In the entries below, find the line containing "Qiandaohu Minghu Hotel" and the line containing "1 bedroom Apartment". Copy those two lines and everything between them exactly, without the pictures.

Data shown>
========================================

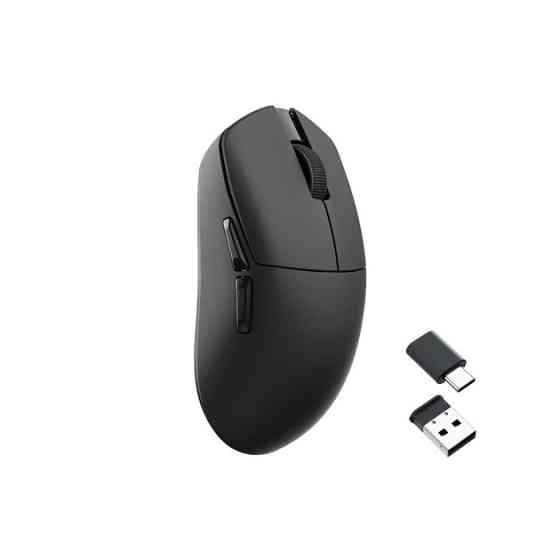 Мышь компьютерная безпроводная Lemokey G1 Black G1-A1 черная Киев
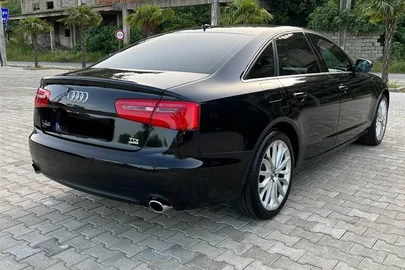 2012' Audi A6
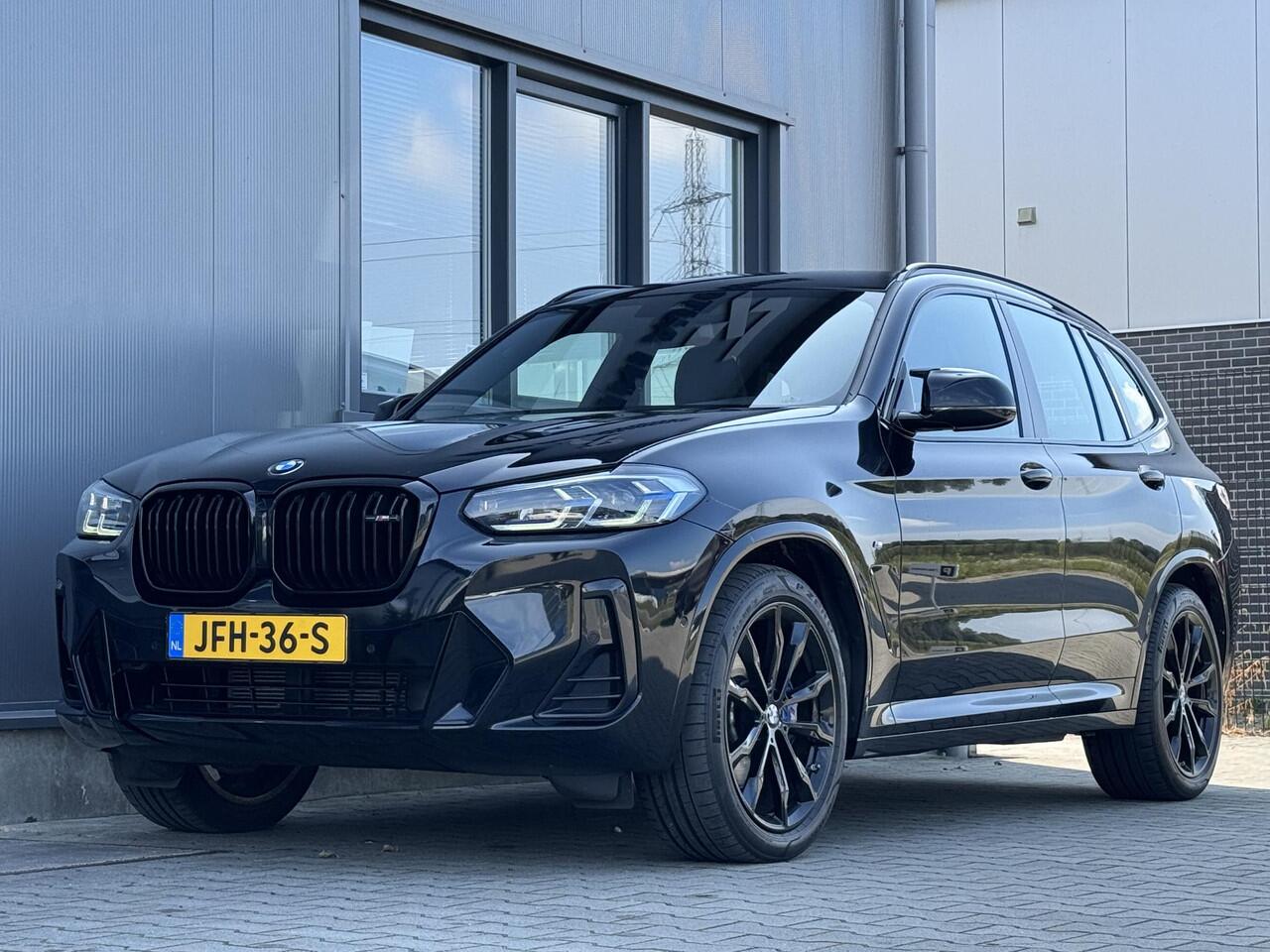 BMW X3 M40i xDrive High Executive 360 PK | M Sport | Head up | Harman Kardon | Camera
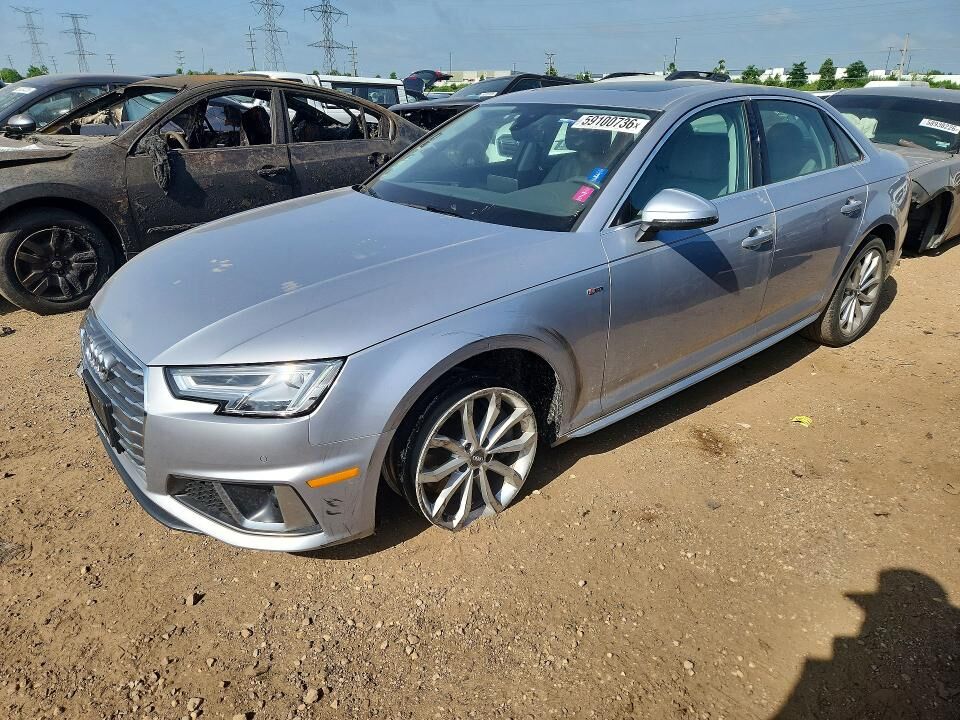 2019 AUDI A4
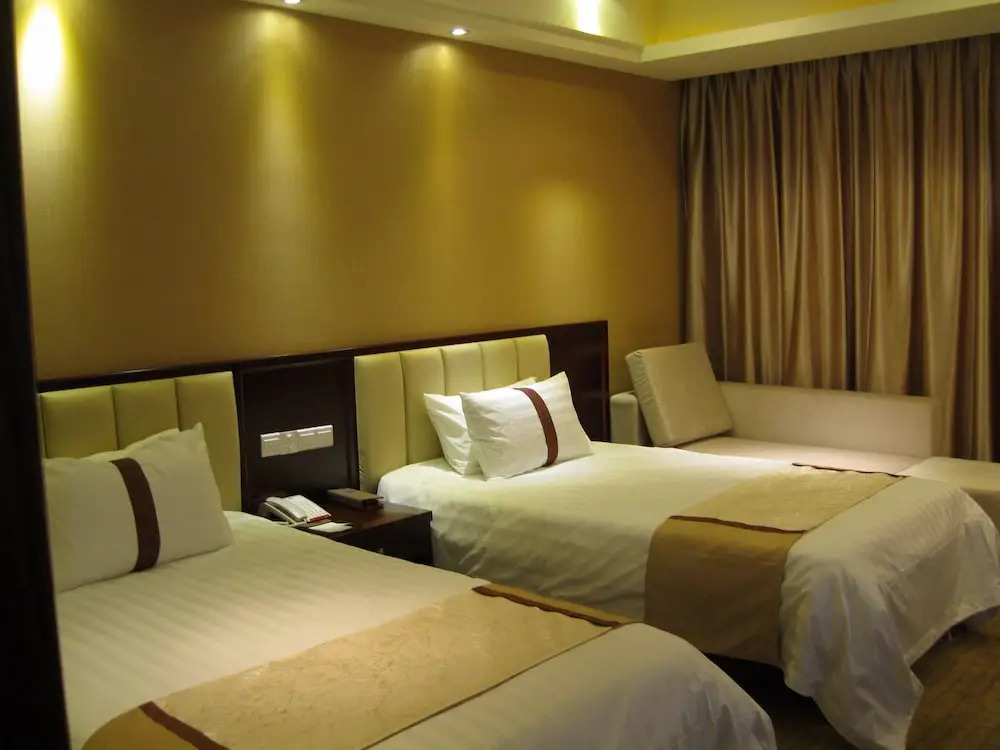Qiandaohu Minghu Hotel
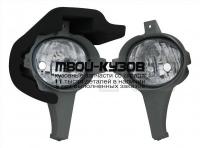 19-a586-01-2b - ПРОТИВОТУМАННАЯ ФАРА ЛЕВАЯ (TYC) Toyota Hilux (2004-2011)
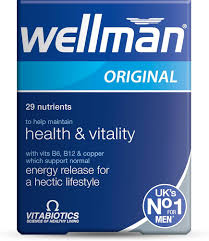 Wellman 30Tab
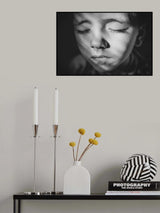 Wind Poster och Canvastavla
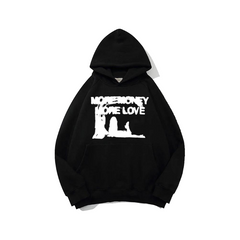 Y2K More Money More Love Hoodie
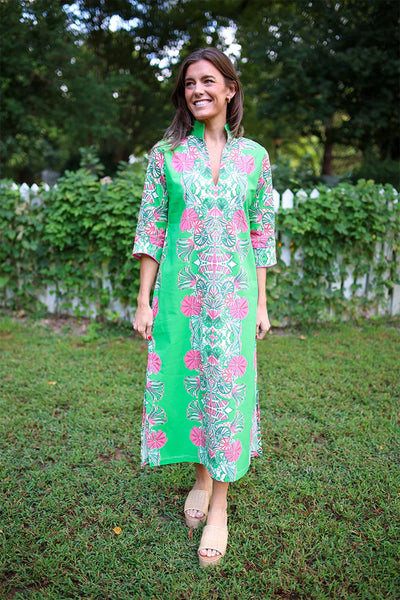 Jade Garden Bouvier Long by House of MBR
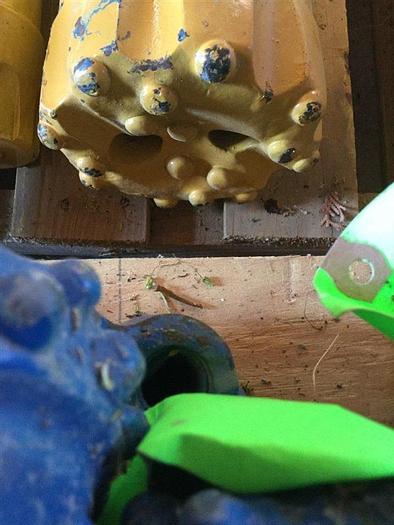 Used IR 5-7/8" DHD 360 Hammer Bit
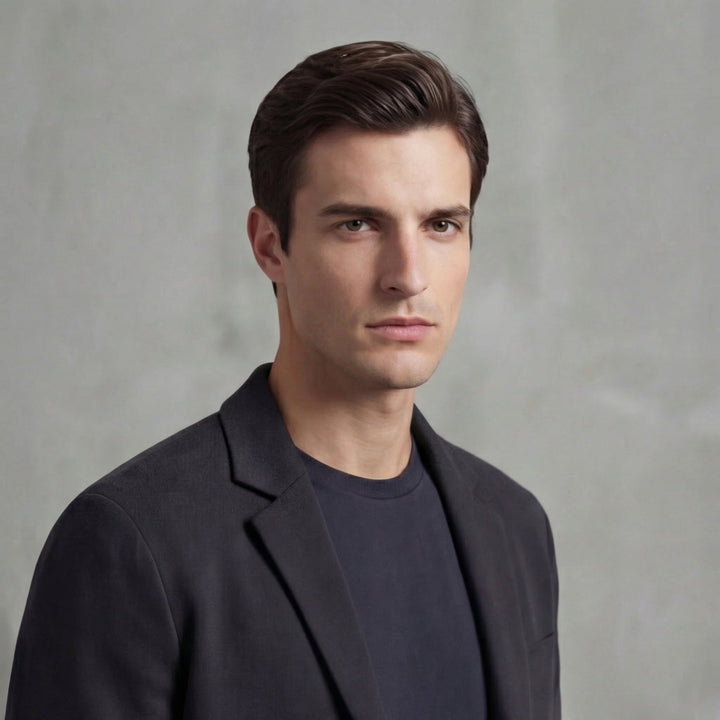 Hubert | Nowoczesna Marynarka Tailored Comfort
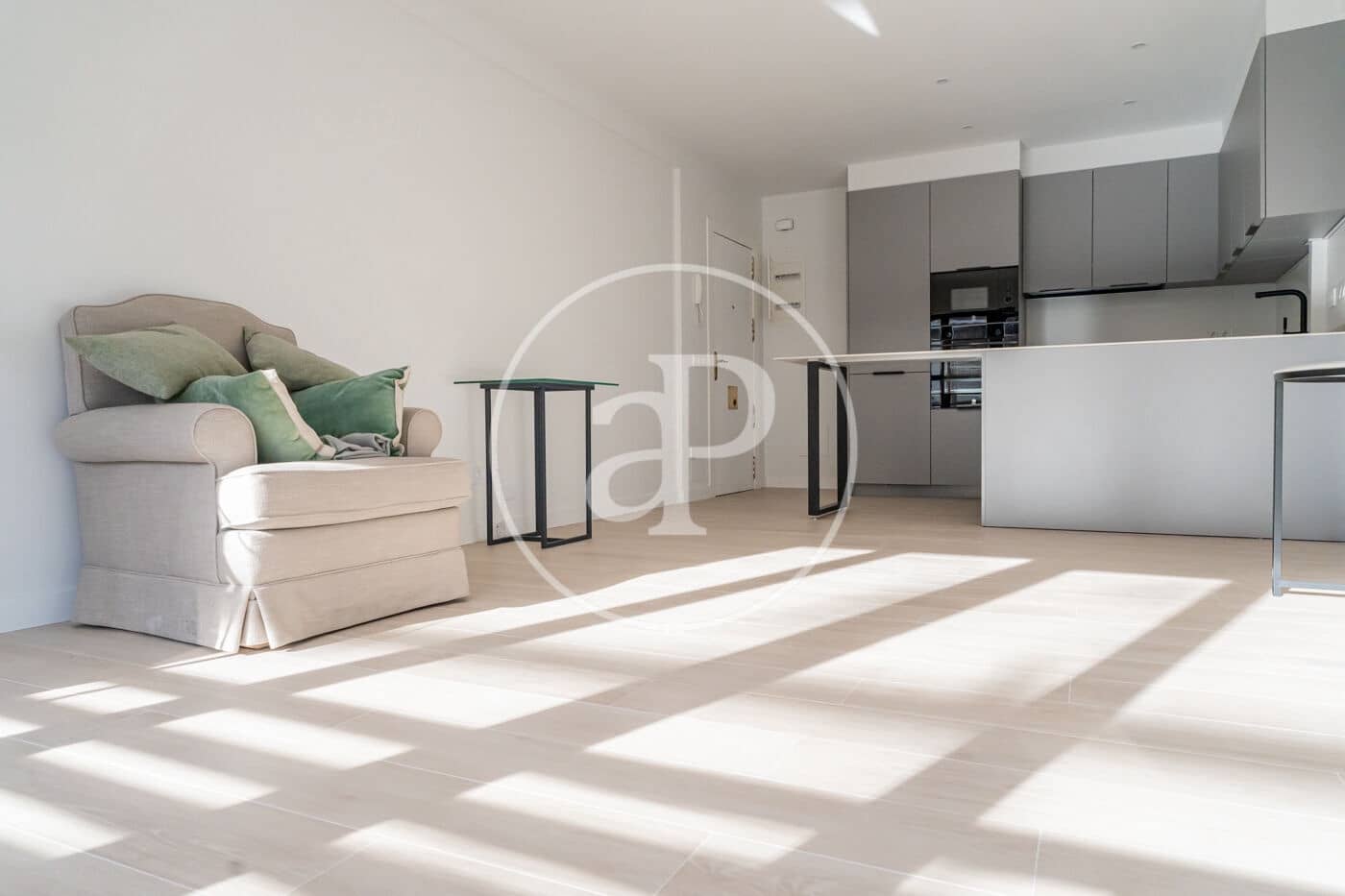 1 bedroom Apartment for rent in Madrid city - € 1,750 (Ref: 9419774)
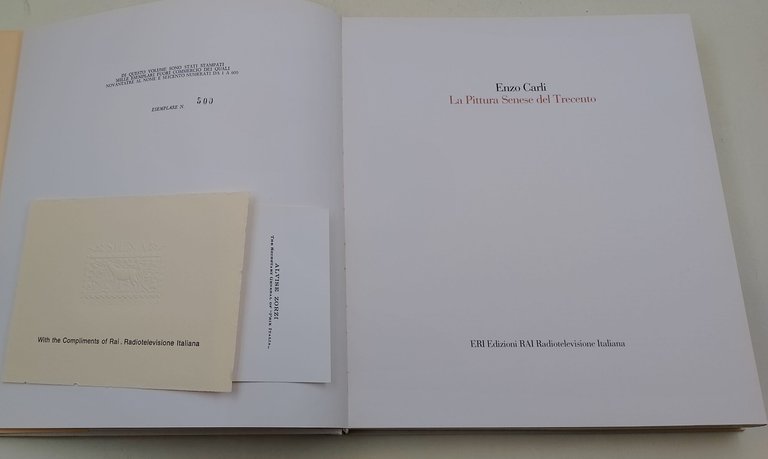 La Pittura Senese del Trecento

========================================

Finished task>
Qiandaohu Minghu Hotel
 19-a586-01-2b - ПРОТИВОТУМАННАЯ ФАРА ЛЕВАЯ (TYC) Toyota Hilux (2004-2011)
 Wellman 30Tab
 Wind Poster och Canvastavla
 Y2K More Money More Love Hoodie
 Jade Garden Bouvier Long by House of MBR
 Used IR 5-7/8" DHD 360 Hammer Bit
 Hubert | Nowoczesna Marynarka Tailored Comfort
 1 bedroom Apartment for rent in Madrid city - € 1,750 (Ref: 9419774)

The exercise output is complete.